An important outcome of our participation to the challenge is that it was not possible to face all the different tasks using just a single method. We ran hundreds of experiments using different algorithms and features. Results are not reported in the paper due to space limitation, but allow to draw important conclusions. Very simple algorithms based on Vector Space Model and probabilistic models (BM25 and Divergence from Randomness) have performance comparable to more complex algorithms, when fed with semantic features coming from the LOD cloud. The usefulness of the semantic features is also evident when using recommendation algorithms based on classifiers, such as RF or LR, in which the best results were obtained using features based on DBpedia properties and Tagme concepts. The use of LOD also helps to diversify the results, due to the wealth of relations taken into account in the recommendation process. To sum up, there is an empirical evidence of the potential of the LOD to define advanced semantic recommender systems, even though it is necessary to investigate innovative ways to leverage this huge amount of knowledge. When compared to (few) previous attempts to use LOD to build recommender systems, the novelty of our methods relies on 1) the use of entity linking approaches, such as Tagme, which represents an innovative way to access DBpedia knowledge, and on 2) the use of domain-specific DBpedia properties/paths to build the graph model.
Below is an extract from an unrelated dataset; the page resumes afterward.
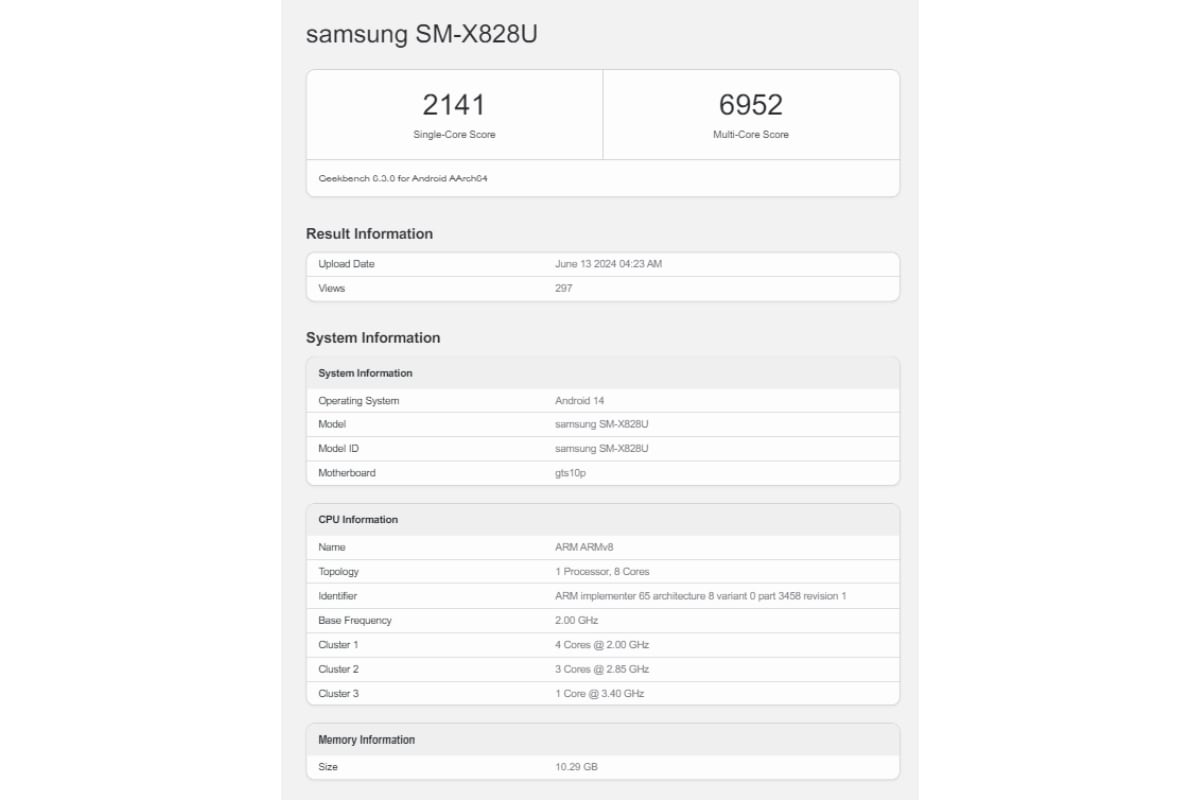 Samsung Galaxy Tab S10+ Listed on Geekbench With MediaTek Dimensity Chipset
As to the former aspect, the typical way to define an entry point to DBpedia is to identify the URIs corresponding to items (books for example) and extract the corresponding properties. This complex process of mapping may hinder the use of DBpedia; indeed, the organizers of the challenge explicitly provided a mapping of books to DBpedia URIs. The use of entity linking algorithms represents a novel way to access the DBpedia knowledge through the analysis of the item descriptions, without exploiting any explicit mapping of items to URIs. As regards the exploitation of domain-specific properties/paths in DBpedia, this could allow to fully exploit the semantics of DBpedia relations, differently from previous approaches based just on link-based measures built on DBpedia [5].